Bayesian bisection

Bisection is a mightily effective technique for debugging those tricky issues that were quietly introduced into a codebase and not noticed for an extended period of time. You can find the first bad commit from a range of thousands (or more) in a logarithmic number of steps via a binary search, halving the range of possible bad commits on each step.

At least, you can do this as long as you have a way to say for each commit whether it is definitely good or definitely bad. But sometimes you might have a test case that started failing extremely rarely, and this is where traditional binary search struggles. If you can reproduce the failure on a commit then that commit is definitely bad, but if the failure doesn’t reproduce on some other commit then it could be that that commit is good or it could be that you just didn’t get lucky this time. So you run it again. And again. But how many good runs in a row do you need before you can consider the commit to be good?

To give some figures from a recent example, I was recently chasing down a test that started to fail approximately once in every ~2700 runs. Each run of the test took around 6 seconds so you could expect a bad commit to fail in around 4-and-a-half hours. The offending commit was somewhere in a range of about a thousand commits, so in principle should be findable with a binary search of 10 steps.

One possible strategy would be to consider a commit that gets 2700 successful runs in a row to be good, and carry on with the normal binary search process. This would take a couple of days to complete the 10 steps needed to narrow the search down to a single commit. But consider what happens with this strategy if we were just unlucky and a bad commit took a little longer than expected to fail. In this case, we discard the half of the commit range that actually contains the first bad commit, and the binary search process will terminate pointing to an earlier, and actually good, commit.

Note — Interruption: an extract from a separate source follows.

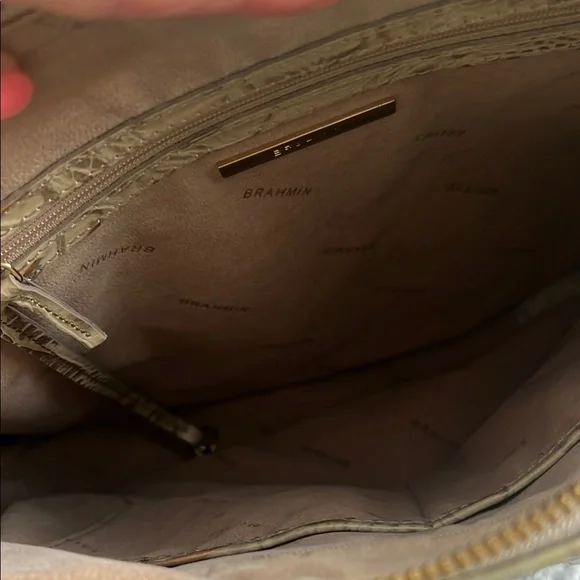 Brahmin Melbourne, Tan Crocodile Embossed Leather Shoulder Bag - Picture 9 of 12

We can improve on this by looking for longer sequences of successful runs before considering a commit to be good. For instance, we could wait until we’ve seen twice as many successes in a row. But this means that on a good commit we’ll have to wait nine hours before moving to the next step. With ten steps to run that’d be around four days of work, and then we’d still have the concern that at least one of those steps was unlucky and didn’t capture the failure, leading to low confidence that the binary search really found the first bad commit. We could increase that confidence by running the tests for much longer on the (claimed) last good commit, but if any of the preceding runs was unlucky then we’d find the (claimed) last good commit actually to be bad, and from there we have limited options apart from restarting the binary search on the smaller range, because all those commits we thought to be good are now under suspicion again.

It’d be awfully nice if we could use the output of the preceding hours of test runs to influence the restarted search somehow.

Bayesian inference

Bayesian inference allows us to build a probabilistic model of our beliefs about the quality of each commit, and to update this model as we learn more about the system by running its tests on the different commits. The resulting process generalizes a traditional binary search into one which takes account of the probabilistic nature of the test results, iteratively updating its beliefs about which commit may have introduced the flakiness based on the history of observed failures and successes.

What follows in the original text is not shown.